Here's the full quote from the Oracle of Omaha: "The answer is yes. I think it's a long way off, but there's no question. Anything that makes cars safer is very pro-social, and it's bad for the auto insurance industry. But nevertheless, the auto insurance industry has always worked on making cars safer. I mean, they've led the way on things like seat belts and all that. But if there are no accidents, then no need for insurance. And I think there will be a big reduction in accidents over a longer period of time. And of course there already has ... cars have been made way, way safer, but now when you start making the driver safer, that would be a big, big jump, and that will happen some day, and when it happens there will be a lot less auto insurance written.”

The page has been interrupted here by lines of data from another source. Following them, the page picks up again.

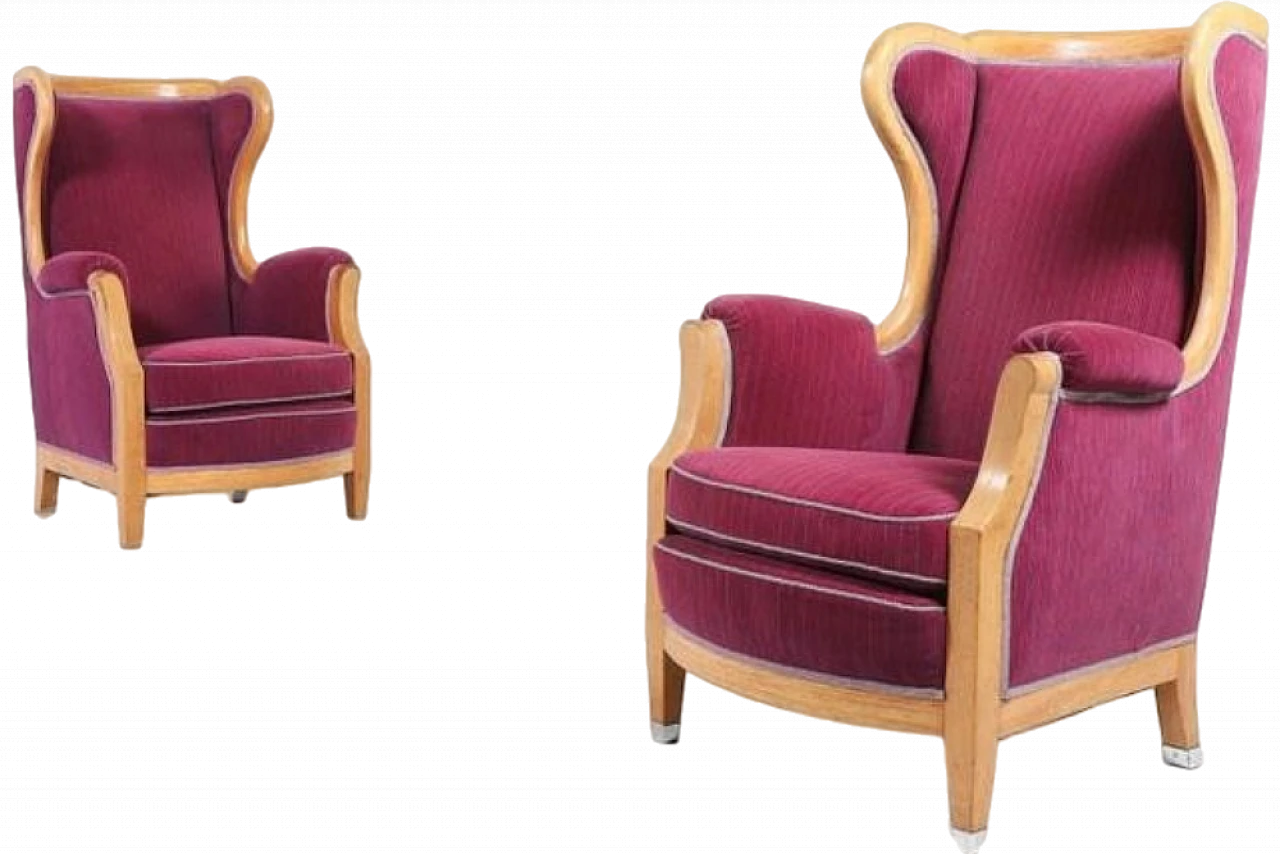 Pair of swedish Lounge Chairs by Oscar Nilsson, 1960s 13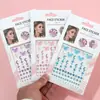 Transfronterizo Nuevo 3D Magia Hada Estéreo Mariposa Pegatinas Faciales Pegatinas de Diamante Pegatinas de Diamante para Maquillaje Pegatinas de Perlas Accesorios Faciales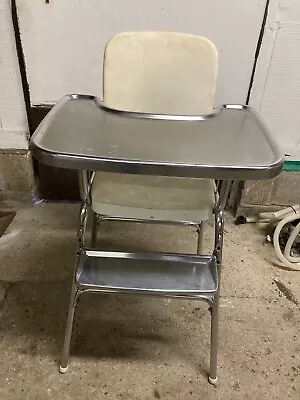 Vintage Cosco High Chair Metal Tray Vinyl Seat Mid Century Modern • $89.99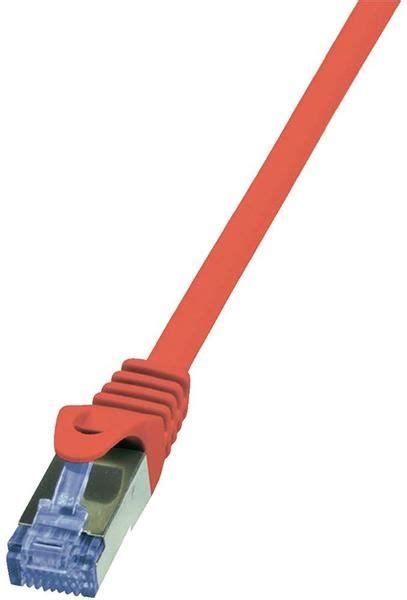 LogiLink Kabel Sieciowy CAT 6A S FTP AWG 26 7 RJ45 1 M Czerwony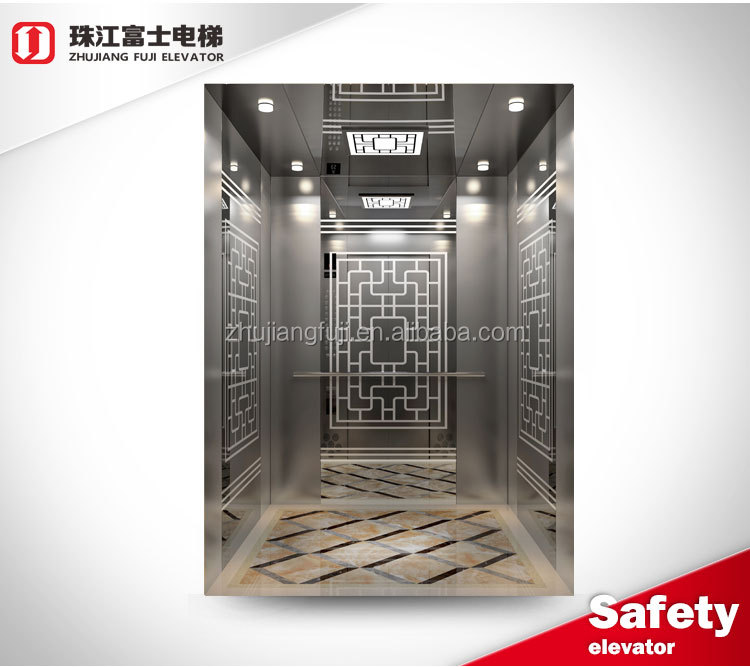 China Supplier ZhujiangFuji Professional CE Auto Door Elevator 10 People Commercial Passenger Lift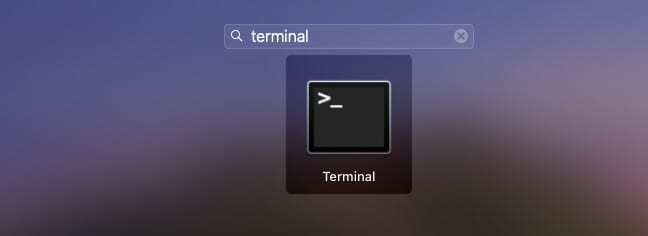 Comando de terminal para solucionar problemas de Outlook en Catalina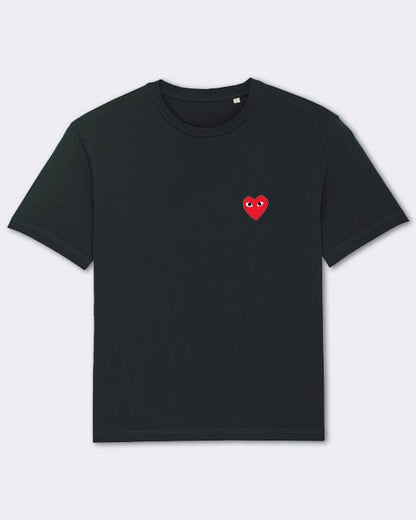 CDG embroidered heart T-shirt T-Shirt Out The Purse UK 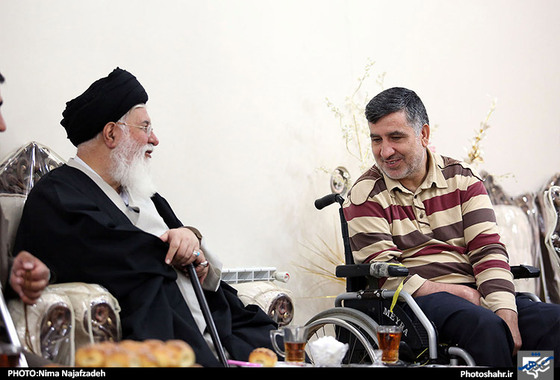 گزارش تصویری | دیدار آیت الله علم الهدی با خانواده جانبازان | عکاس : نیمانجف زاده /شهرآرا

- Microsoft founder Bill Gates has also weighed in recently on AVs. According to Gates, "It's certainly more than 15 years off before it'll be a meaningful percentage of cars driven." Gates noted that while legislators have been moving rapidly this year to start the rule making process this is a process that “will take several years.” Earlier this year the Insurance Industry for Highway Safety helped broker a deal among automakers to have automatic braking on all cars in the U.S. by 2022. According to a report, “Early studies of that feature, which many consider a fundamental building block on the road toward autonomous cars, shows, they can reduce rear-end crashes by 40 percent, and in crashes they can't prevent, automated braking can at least mitigate the severity of crashes.” Gates was quoted as saying he “believes it will be another 15 years before autonomous features “compel significant changes throughout the insurance industry,” according to a report. Even then, “there will still be collisions,” according to the report.
- Volvo chief Håkan Samuelsson also said this week that an 80 percent fall in crashes by 2035 could “put motor insurers and premiums at risk,” according to a report. “Volvo believes the insurance industry will have no choice but to react to these seismic challenges to its existing business model by fundamentally restructuring – or face competition from new entrants into its market from technology-savvy disrupting companies,” Samuelsson was quoted as saying.
- Research from insurer Swiss Re finds that insurance premiums “in the 14 largest car markets in the world are set to drop by $20bn (£13.5bn) by 2020 alone,” according to projections. “Car connectivity and the introduction of increasingly sophisticated driver-assist technologies and autonomous driving will lead to significantly improved road safety,” the report notes. The report predicts that by “2020, more than two-thirds of cars sold worldwide will have some form of connectivity to the internet and other cars.”
- Vehicle safety research firm Thatcham Research claims that existing technology such as Autonomous Emergency Braking (AEB) has “already reduced the frequency of road accidents,” according to a media report. Peter Shaw, CEO of Thatcham, said technology that “allows drivers to 'drop out of the loop' [of driving] for parts of the journey would be available as soon as 2021.” Shaw was quoted as saying that, “Without doubt, crash frequency will also dramatically reduce ... While drivers will welcome tumbling premiums, motor insurance experts warned that the industry will need to be overhauled or face extinction,” according to the report.
- Britain is said to be counting on an odd regulatory oversight to be a home of autonomous driving research. According to a report this week, “The UK is one of the European countries not to have ratified the 1968 Vienna convention on road traffic that stipulates a driver must be in the front seat of a car.”
- It was leaked last week that Apple and Google has been meeting with Sergio Marchionne, the CEO of Fiat Chrysler. The company is said to be in “advanced discussions” with Alphabet's (Google's holding company) self-driving car division. The Associated Press and the Wall Street Journal have reported that the two companies are in advanced talks to form a technical partnership. That is, it could be Chrysler building the next generation of Google's self-driving car.